Bei einer Summer School des Erasmus+-Projektes „Newsreel2 – New Teaching Fields for the Next Generation of Journalists“ machten Studierende erste Erfahrungen mit Crossborder-Journalismus. In internationalen Teams arbeiteten sie an journalistischen Projekten. Welche Möglichkeiten diese Art der Zusammenarbeit bietet, erklärt hier eine der Teilnehmerinnen. Ein Kommentar.

50 Prozent, nur eine Hälfte der deutschen Bevölkerung, vertraut im Allgemeinen den Nachrichten. Das geht aus dem Reuters Digital News Report 2022 hervor. Im Jahr 2015 lag der Wert noch zehn Prozentpunkte höher. Doch was können Medienunternehmen und Journalist:innen dem sinkenden Vertrauen entgegen setzen? Eine mögliche Antwort: Crossborder-Journalismus.

Das Konzept des Crossborder-Journalismus beschreibt die Kooperation zwischen Journalist:innen aus verschiedenen Ländern. Diese kann unterschiedliche Formen annehmen. Die Journalist:innen teilen zum Beispiel Material und Quellen miteinander oder führen gemeinsam Recherchen durch. Im Anschluss veröffentlichen sie die Ergebnisse in der Regel in ihren jeweiligen Ländern. Was mit Crossborder-Journalismus nicht gemeint ist: Lokale Journalist:innen, die als sogenannte „Fixer“ Auslandskorrespondent:innen assistieren, ohne bei der Veröffentlichung später selbst erwähnt zu werden.

Eines der bekanntesten Beispiele für Crossborder-Journalismus sind die Veröffentlichungen der „Panama Papers“. Erst die kollaborative und koordinierte Zusammenarbeit von Journalist:innen aus mehr als 20 Ländern hat eine Auswertung der enormen Datenmenge über Steuervergehen damals möglich gemacht.
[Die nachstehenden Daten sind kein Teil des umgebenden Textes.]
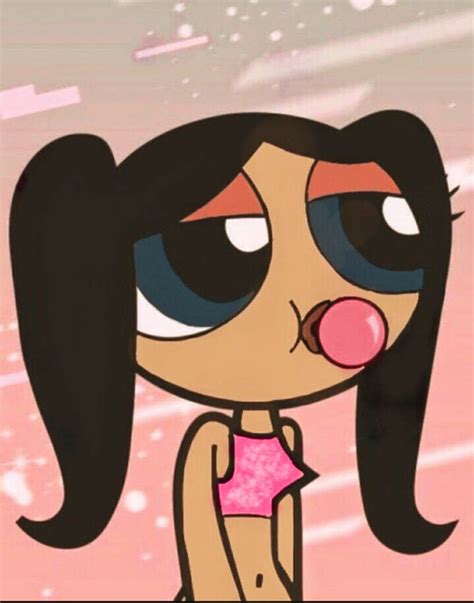 Powerpuff Girls Aesthetic Profile Pictures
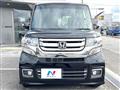 2016 Honda N BOX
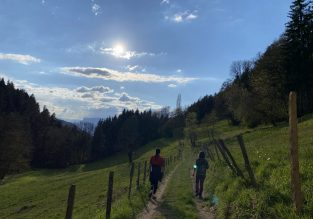 Parcours d’orientation patrimoine adulte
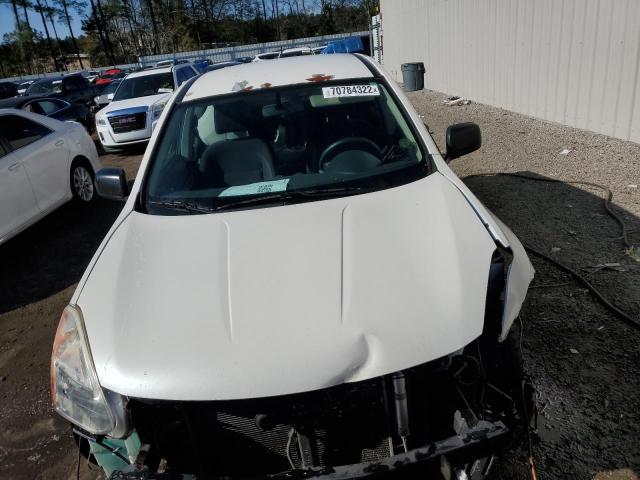 Photo 4 VIN: JN8AS5MT2DW534771 - NISSAN ROGUE S 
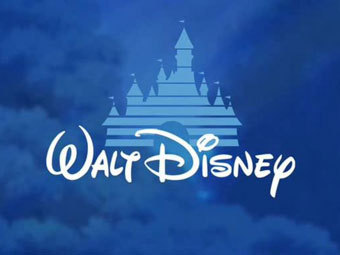 " "     Walt Disney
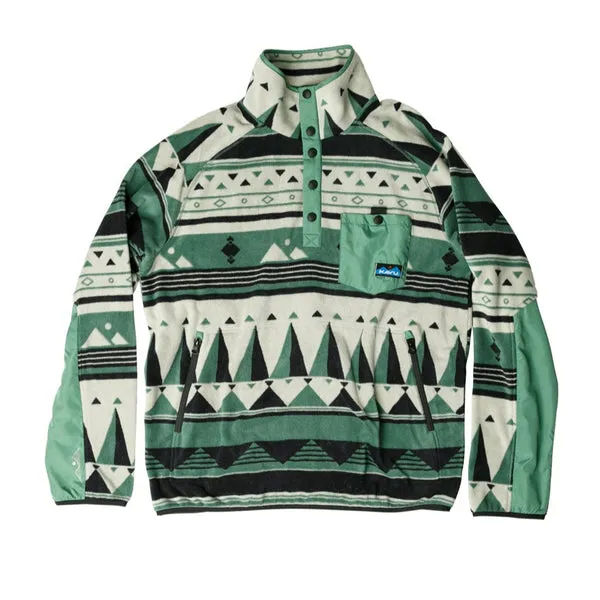 Kavu Tennaway Fleece - Sea To Peak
Beteiligt waren neben deutschen Medien unter anderem Medien aus Argentinien, Israel, Dänemark, Japan, Kanada und Russland.

Crossborder-Journalismus kann das Vertrauen in Medien verbessern, indem er die Qualität der Berichterstattung steigert. Das ist auch ein Ergebnis zweier Studien von Dr. Annett Heft (FU Berlin) vom Weizenbaum-Institut, einem vom Bundesministerium für Bildung und Forschung geförderten Verbundprojekt. In einer Mitteilung dazu heißt es: „Grenzüberschreitende Kollaborationen verbessern die Qualität des Journalismus.“ In den Studien wurden unter anderem die Beweggründe von Journalist:innen dafür untersucht, sich an länderübergreifenden Recherchen zu beteiligen. Für 80 Prozent der Befragten war ein wichtiger Grund, die Qualität ihrer journalistischen Arbeit zu verbessern.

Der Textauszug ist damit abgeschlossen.